Компьютер выключается не сразу. Наконец монитор гаснет с легким вздохом. Он тщательно раскладывает рабочий инструментарий на завтра: ручки, чернильницу, штемпели, подушечку, ластик, точилку и нож для бумаги. Ножу уделяет особое внимание. Доводит его до блеска. Нож для бумаги кажется безопасным, безобидным. Но может стать оружием. Он ведь сам тоже кажется безобидным. Как говорится, внешность обманчива.
Ему нравится думать, что он, несмотря на мягкий характер, может при случае оказаться и жестоким. В других обстоятельствах он мог бы стать другим. Никто не таков, каким кажется, думает он. Просто должен представиться случай, чтобы проявилось то, на что он способен. Такие мысли помогают терпеть шефа, сослуживцев и собственную семью. Ни на работе, ни дома не знают, какой он на самом деле. А когда он додумывается, что и сам этого не знает, начинает кружиться голова. В один прекрасный день они все увидят. В самый неожиданный момент. Его пугает мысль: не только шеф, сослуживцы, семья, он и сам этого не знает. Иногда, когда он подделывает подпись шефа, а он делает это безупречно, он задает себе вопрос, кто же он такой. Тайком воспроизводит подпись шефа. Если подражаешь кому-то, это не означает, что ты стал другим. Не раз он задавал себе вопрос, кто он, кем он может быть, может ли стать другим, но проверить это страшно.

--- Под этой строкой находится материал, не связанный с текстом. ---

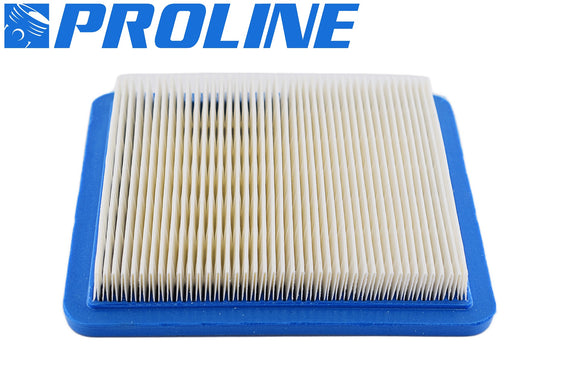 Proline® Air Filter For Briggs & Stratton Quantum 3.5-6.5 HP Engines 491588 491588S 491435S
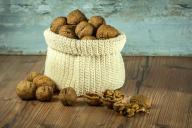 Ученые назвали популярный продукт, который спасает от проблем с сердцем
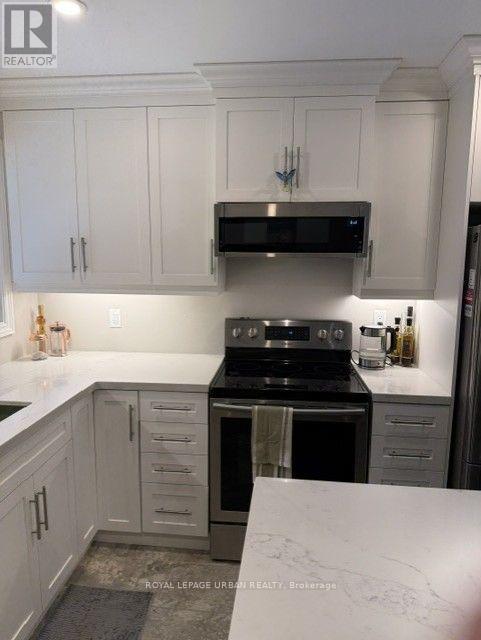 J1 - 1657 Nash Road, Clarington, Ontario L1E 1S8 - Photo 11 - E13802604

Ему не раз приходило в голову: подделать подпись шефа на чеке, получить по нему деньги и сбежать. Если до сих пор не сделал этого, размышляет он, так это потому, что не с кем делить добычу. Такой из ряда вон выходящий поступок должен быть вызван страстью. В кино у героя всегда есть мотив — женщина. Если б он потерял голову из-за женщины, то не стал бы колебаться.
Приводит в порядок конторские принадлежности — у каждой свое место. Раскладывает их с педантичностью лунатика. То и дело оглядывается. Смотрит на стол ближайшего сослуживца. Хотя тот и не подчинен ему и занимается менее ответственными делами, когда-нибудь, когда его не будет, он, несомненно, займет его место.
Не раз заставал его пишущим что-то в тетради. Когда тот замечал его взгляд, смущенно, с покорной улыбочкой быстро убирал тетрадь в ящик стола. Наконец он задал вопрос в лоб: что он там пишет? Сослуживец испуганно ответил, что это дневник, что ведет дневник, личный. Он не знал, что сказать. Подумал, что вести дневник — это как-то по-женски. Возможно, сослуживец — гомосексуалист. Непохоже, но все может быть. Никогда не знаешь, как там у других. Пробормотал, что, кажется, это очень интересно — вести дневник. Подумал: никогда не приходило в голову, что жизнь того, кто всю эту жизнь проводит в конторе, может быть интересна. Но не сказал. Однажды в такую же ночь в опустевшем офисе порылся в ящиках стола, что стоял позади. Тетради не было. Тогда он подумал, что в тех секретных записях должно быть что-то против него. Отчего бы не догадаться, что сослуживцу поручено отслеживать все его движения. Если так, сказал он себе, даже если он всегда считал себя добросовестным чиновником и обычным гражданином, это значит, что он под надзором. Ощущение поднадзорности длилось долго. Но через некоторое время он успокоился: если бы сослуживец был агентом, а он — подозреваемым, то давно бы уже пропал без вести. Роли поменялись. Из поднадзорного он превратился в надзирателя. Он резко оглядывается, а тот с извиняющейся улыбкой поскорей закрывает тетрадь. Это стало игрой, которая быстро надоела. Он осознал: сослуживец, если б смог, с той же улыбочкой воспользовался бы малейшей его ошибкой, чтобы продвинуть свой стол вперед. Здесь никто не может доверять даже собственной тени. А сослуживец сзади и есть его тень. Тень угрожающая, хотя улыбается он дружески и всегда готов исполнить любое дело, которое он ему сплавит.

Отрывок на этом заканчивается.